Impact of nodal yield at a single institution in patients undergoing neck dissection and total laryngectomy

Presentation: C060
Topic: Pharynx / Larynx Cancer
Type: Poster
Date: Thursday, April 19, 2018
Session: 9:00 AM - 7:00 PM
Authors: Michael C Topf, MD, Linda C Magana, PhD, James Metkus, MD, James Hamilton, MD, Larissa Sweeny, MD, William M Keane, MD, Richard A Goldman, MD, Adam Luginbuhl, MD, Joseph M Curry, MD, David M Cognetti, MD
Institution(s): Thomas Jefferson University Hospital

BACKGROUND: There has been recent emphasis on lymph node yield during neck dissection in patients with head and neck squamous cell carcinoma (HNSCC). Previous studies have suggested that lymph node yield should be considered as a measure of surgical quality in head and neck cancer treatment.

OBJECTIVE: To determine the impact of nodal yield in patients undergoing neck dissection at the time of total laryngectomy (TL) at a single institution. 

DESIGN: Retrospective chart review.

SETTING: Tertiary care center.

PARTICIPANTS: Patients undergoing primary or salvage TL with unilateral or bilateral neck dissection between January 2008 and July 2016 were identified. Patients with history of previous neck dissection were excluded.   

EXPOSURE: TL with unilateral or bilateral neck dissection.  

MAIN OUTCOMES AND MEASURES: Lymph node yield (LNY), lymph node ratio (LNR), total number of positive nodes, presence of bilateral nodal metastases, and extracapsular extension (ECE) status were determined for all patients.
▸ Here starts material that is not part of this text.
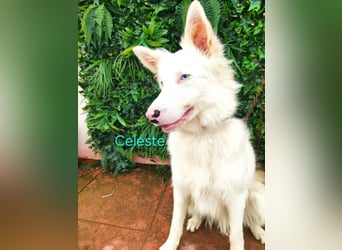 Celeste geb. 01/2024 (ESP) - besonderer Border Collie sucht besondere Menschen!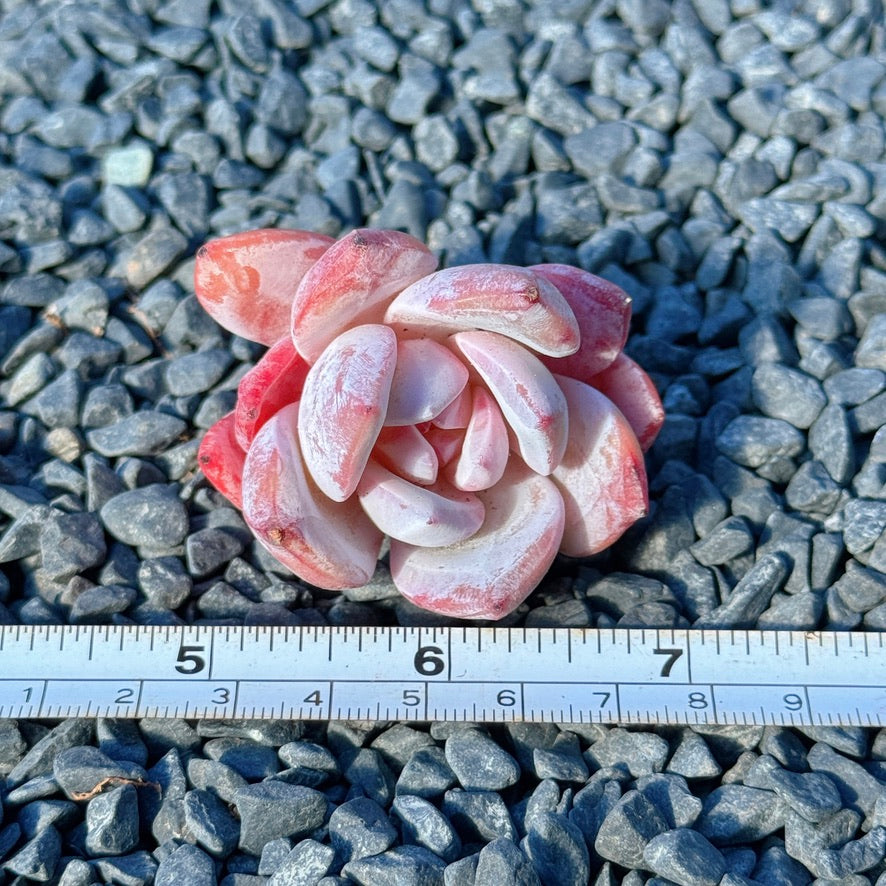 Echeveria Special Trumso Succulent Plant A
Primary outcome measures consisted of overall survival (OS) and disease-free survival (DFS).

RESULTS: A total of 232 patients underwent TL with neck dissection and were included in the study. The majority of the patients (n = 131) had no prior history of radiation, while 101 patients underwent salvage laryngectomy. Positive nodes were found in: level 1A (1.3%), level 2A (31.9%), level 2B (4.74%), level 3 (28.5%), level 4 (11.6%), level 5 (1.72%), and level 6 (15.5%). Preoperative radiotherapy significantly decreased mean LNY from 29.6 to 21.9 nodes (p < .001). Eighteen or greater lymph nodes were dissected in 72.4% of necks (84.7% in patients without a history of radiation and 56.4% in patients with prior radiation). Multivariate analysis demonstrated that overall survival was associated with a LNR greater than .026 (HR 2.48; 95% CI, 1.58 – 3.92, p < .001), positive ECE (HR 1.71; 95% CI, 1.12 – 2.63, p = .013), and salvage TL (HR 1.58; 95% CI 1.04 – 2.40, p = .031). Similarly, DFS was associated with LNR greater than .026 (HR 2.70; 95% CI, 1.55 – 4.69, p <.001), positive ECE (HR 2.42 (95% CI, 1.43 – 4.08, p <.001), and salvage TL (HR 2.99; 95% CI, 1.79 – 4.99, p <.001). LNY, total number of positive nodes, and the presence of bilateral nodal metastases had no impact on OS or DFS.

CONCLUSIONS AND RELEVANCE: Within a single institution, the importance of nodal yield during neck dissection is unclear. Previous radiotherapy significantly reduces the nodal yield during total laryngectomy and neck dissection. Lymph node ratio, ECE, and salvage laryngectomy are independent prognostic risk factors for overall survival and recurrence in patients undergoing TL with neck dissection.